Governor Lincoln Chafee said Tuesday cities and towns that run their own pension plans face a choice. But after looking at Chafee and General Treasurer Gina Raimondo’s pension reform, as it would affect plans independent of state plans, at least two mayors don’t like the choices.
Reminding legislators of what’s happened in Central Falls Chafee told state legislators, “We can pass legislation that doesn’t touch the local plans, and return here soon to take up this issue again. Or we can address them now in a comprehensive pension reform package that ensures financial stability for our municipalities and the citizens of our state.”
Further, he said the condition of some of these plans qualify for the state to intervene. He said 24 of the 36 independent plans “are in grave danger because of inadequate funding levels.”
“I know that you don’t want to hear these words, just as I don’t want to be uttering them. But I also don’t want to have to appoint receivers to take over these cities and towns, receivers who will have no choice but to impose drastic cuts, such as those Judge Flanders has imposed in Central Falls. Honest, comprehensive reform means a top-to-bottom effort that doesn’t simply ignore these local plans because they aren’t operated by the state. We can’t have true pension reform if our cities and towns are neglected,” he told legislators.
Unlike state pension benefits that are set by statute, municipal pension benefits are the result of contract negotiations. This raises the issue of how municipalities would gain concessions and whether that can be achieved within next year’s deadlines set forth in the proposal. Further, many municipalities are at a loss as to how to deal with retirees already receiving pension benefits. These people are no longer union members and are without representation, yet it is their cost of living increases that are principally responsible for the unfunded portion of their plans.
Cranston Mayor Allan Fung, who served on Raimondo’s pension advisory board, called the plan “horrible” yesterday.
Fung said the plan is “all stick without any carrot.”
The proposal requires municipalities to conduct actuarial studies of their plans that would be partially funded by the state and draft a 10-year plan that would improve its funding by at least half of what it would take to reach 80 percent funding.
The plans would be subject to approval by a solvency review board that would have the power to withhold state aid to municipalities, including school aid, as an incentive.
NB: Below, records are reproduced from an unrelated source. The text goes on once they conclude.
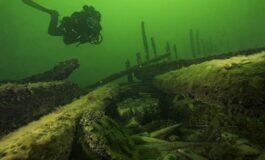 Merepõhjas on peidus ajalugu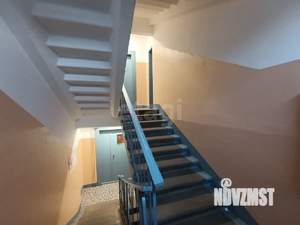 1-к квартира, вторичка, 31м2, 1/9 этаж
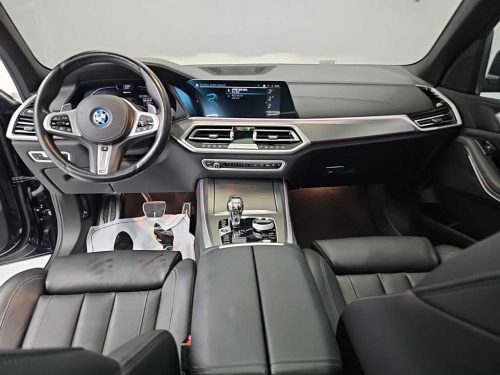 BMW X5 (G05) xDrive 45e M 스포츠 사진 7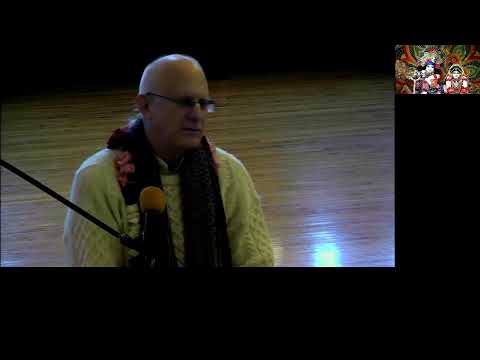 Srimad Bhagavatam Class By H.G Anuttama Pr S.B 10.56.12 *1/21/2023*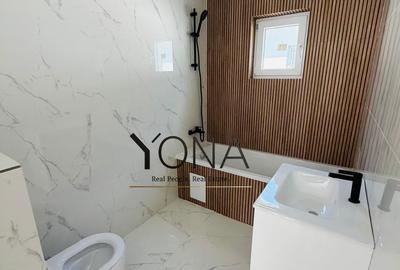 Casă nouă 4 camere | 85 mp utili | Teren 340 mp | Clinceni - 6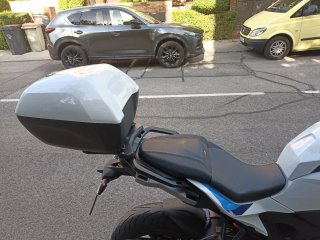 BMW S1000XR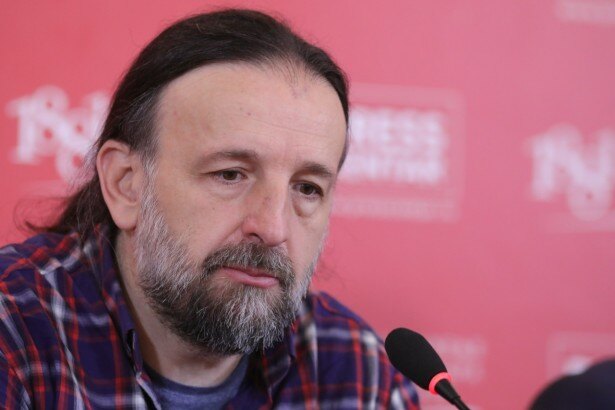 Živojin Rakočević novi je predsjednik Upravnog odbora Savjeta za štampu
If the municipality doesn’t take action, the state would step in to remove COLAs in the city plans and presumably the municipality would also see a decrease in state funding.
This is a bitter pill for Cranston to swallow, says Fung.
He cites the Cranston plan for police and fire hired before 1995. That plan has 500 members with all but 55 who have retired. Presently the plan faces an unfunded liability of about $300 million. It is approximately 18 percent funded.
To accomplish what the governor and Raimondo set forth, Fung projects he would have to raise an additional $9.5 million in tax revenues every year for the next 10 years.
“I can’t level 10 years of tax increases on the taxpayers. They have had enough,” he said.
If there was a carrot – state aid – then, says Fung, the city could handle it. The alternative is for legislators to also reform local plans, and to suspend COLAs, although the unions would likely challenge that.
But faced with either losing state aid or increasing taxes, Fung calls the plan “a losing proposition.”
Johnston Mayor Joseph Polisena would like some “breathing room” for municipal officials so they can meet with Raimondo and House and Senate leaders to hammer out something after the first of the year.
“They didn’t really ask our opinion on anything,” said Polisena.
He called the current proposal “punitive” and if it were implemented “it’s going to put the cities and towns in virtual bankruptcy.”
“Let’s get the state pension straightened away and MERS,” he said.
The Johnston fire and police plan faces an $84.4 million unfunded liability.
Warwick Mayor Scott Avedisian sees complications, although his assessment isn’t nearly as dire.
"The complexity of adding all of the nuances relative to each individual municipal plan could create problems with passage of real reform,” he said in a statement. “I believe that the Governor and the Treasurer are both committed to working with each individual community and on each individual plan. Each plan would require its own actuarial study, updated assumptions addressing rates of return on investments and mortality rates. I know that Governor Chafee and Treasurer Raimondo stand ready to be full partners with cities and towns. Rhode Island stands on the threshold of making major pension reforms. I thank the Governor and the Treasurer and look forward to working with them on communities’ individual pension plans and in strengthening Warwick's one problematic pension plan.”